Banking’s data revolution needs ethics as well as innovation
With 2.5 quintillion bytes of data created every day, the exchange of information has become integral to the way we live.
The opportunities data analytics can create for consumers are vast – as is the commercial potential.
There are now more than 4,000 data brokers worldwide. Governments across the world are grappling with questions over who owns data and the liabilities surrounding this ownership.
But just as it is difficult for customers to keep up with the pace of change, the same is true of regulation. Regulatory-based compliance will never be enough in the fast-paced area of new technology.
Instead, responsible firms will need an underlying ethical approach that maintains trust and matches customer expectations.
Like many other sectors, banking is already beginning to use data analytics and automation to transform customer experience, from developing “predictive banking” that analyses a customer’s account in order to offer personalised insights, to looking at how artificial intelligence (AI) could be used to assist loan approval and management to speed up decisions.
If the industry gets this right, the opportunities are enormous. Companies that invest in data analytics have grown three times more quickly than those which are less analytically driven. And for consumers, automation could bring about better money management and advances in financial inclusion.
But to achieve that, we have to acknowledge the risks, not only in terms of operational and regulatory liabilities, but also potential reputational damage if firms get this wrong. Ethics and innovation have to come together to make this revolution work.
And so UK Finance and KPMG have identified five key principles to ensure data analytics are developed ethically by financial institution.
First, financial institutions must respect freedom of choice, in particular by not unduly limiting customers’ access to information or manipulating them to act against their interests.
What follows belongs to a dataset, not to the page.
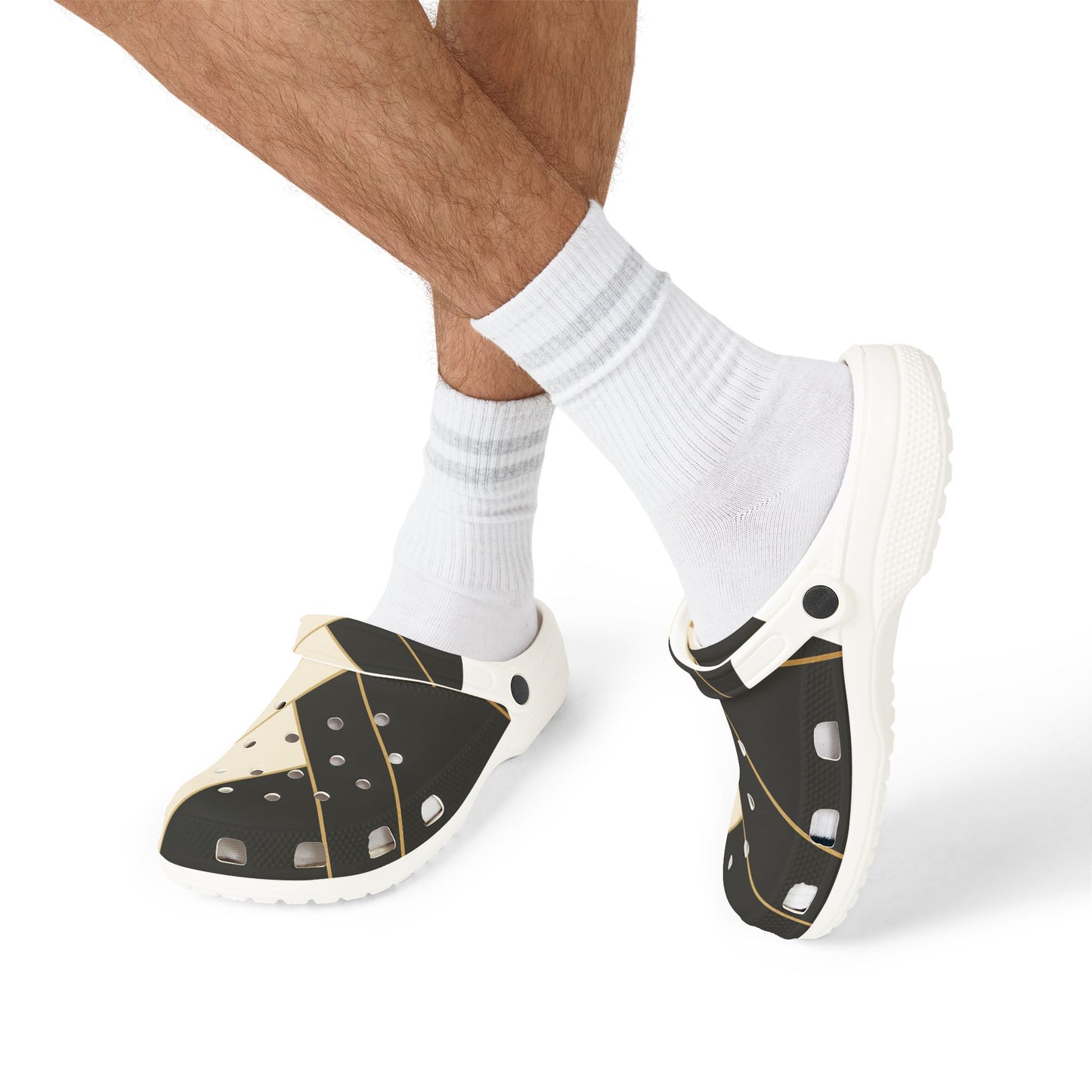 Stylish AOP EVA Foam Rubber Shoes - Trendy Footwear for Comfort and Everyday Use, Summer Sandals, Casual Footwear, Vacation Ready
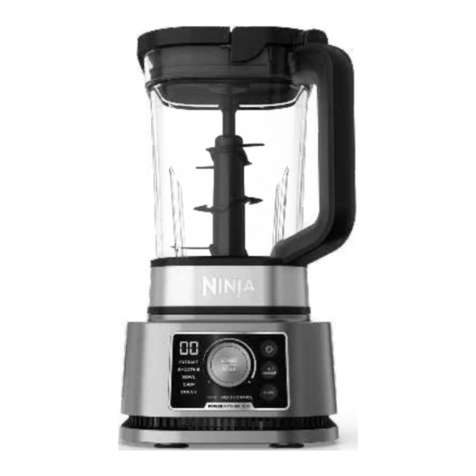 Ninja FOODI POWER PITCHER DUO SS300 Series User manual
Second, to safeguard equality and fairness, financial institutions should weigh up the pros and cons of any new innovation from a customer’s perspective, including harms like impacts on privacy or accidental discrimination.
Third, firms should understand how their AI and analytics reach conclusions and should, as far as possible, be transparent in explaining this to customers.
Fourth, they should adopt an organisation-wide approach, led by senior leaders who are evangelical yet practical in their support for ethical data use. This needs to be embedded as business as usual.
And finally, firms need to establish accountability and be clear who is responsible for what, including testing and monitoring.
Earlier industrial revolutions brought great advantages for society, but also led to societal challenges, like impacts on labour markets, which were difficult to identify immediately. It took time before sustainable frameworks were embedded.
This time carries the same risks. We have to find a balance to ensure that the fourth industrial revolution and advanced analytics are a force for good for everyone.